Na versão de Saramago, José, o marido de Maria, ouve por acaso a sentença coletiva de morte e consegue esconder seu próprio filho, abandonando os demais à morte. É, portanto, em expiação ao pecado de seu pai terreno pelo conluio indireto com a iniqüidade de Herodes, assim como pela de Deus em permitir que o massacre ocorresse, que Jesus é posteriormente forçado a dar sua vida. Na cruz, o Jesus de Saramago pede à humanidade que perdoe Deus por seus pecados.


 


O Evangelho polarizou leitores, tanto em Portugal quanto no exterior, e levou o autor ao exílio simbólico auto-imposto nas Ilhas Canárias. O efeito sobre a obra de Saramago é evidente.
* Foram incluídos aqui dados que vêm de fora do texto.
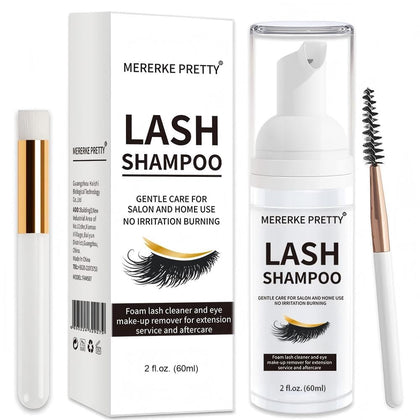 Mererke_Pretty Eyelash Extension Shampoo 60ml front view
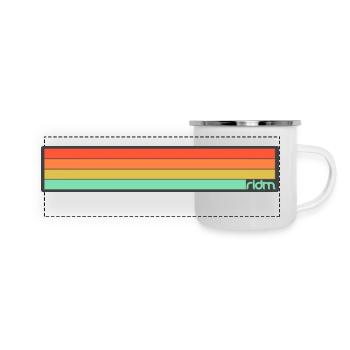 ridm stripes - Panorama Emaille-Tasse - Weiß - Vorne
Seus romances nas Ilhas Canárias são parábolas austeras e admoestatórias, além de freqüentemente ocorrerem em uma paisagem urbana alegórica tão estilizada quanto um jogo de computador.


 


Em um livro como As Intermitências da Morte, que será publicado nos Estados Unidos no ano que vem, seu assunto não é nada menos do que o desatino da busca do homem pela vida eterna.


 


A cegueira na tela


 


Para alguns observadores, o exílio de Saramago o tornou menos relevante do que outros grandes portugueses contemporâneos. Para outros, Saramago assumiu o papel de uma consciência mais universal, dando a suas fábulas literárias sobre as falhas da democracia ou a tirania das corporações um maior alcance.


 


Para o diretor Fernando Meirelles, que está filmando Ensaio sobre a Cegueira, este universalismo foi a grande conquista de tal obra. “É uma alegoria sobre a fragilidade da civilização”, me disse Meirelles.


 


“Há dez anos, eu queria que meu primeiro filme fosse uma adaptação do livro – eu fui atraído pelo paradoxo de fazer algo visual sobre a cegueira -, mas Saramago disse não. Tanto Whoopi Goldberg quanto Gael García Bernal tentaram comprar os direitos; ele recusou. Finalmente, minha produtora e meu roteirista vieram às Ilhas Canárias e passaram dois dias com Saramago e o convenceram.”


 


Atualmente Saramago está planejando seu próximo romance. “Talvez seja meu último livro”, ele arriscou durante nossa conversa em Lisboa. “Quando termino um livro, espero pela próxima idéia – o que às vezes leva muito tempo, e me preocupo. Quando terminei As Pequenas Memórias, eu me perguntei se o ciclo estava completo. Pela primeira vez na minha vida, tive uma sensação de finitude, e não foi um sentimento agradável.”


 


Ele olhou para a mulher com quase um brilho nos olhos e disse para ela: “Se eu tivesse morrido antes de conhecer você, Pilar, eu teria morrido me sentindo muito mais velho”. Ele prosseguiu: “Aos 63 anos, minha segunda vida começou. Não posso me queixar. As coisas que você considera importantes não são tão importantes. Eu ganhei um Prêmio Nobel. E daí?”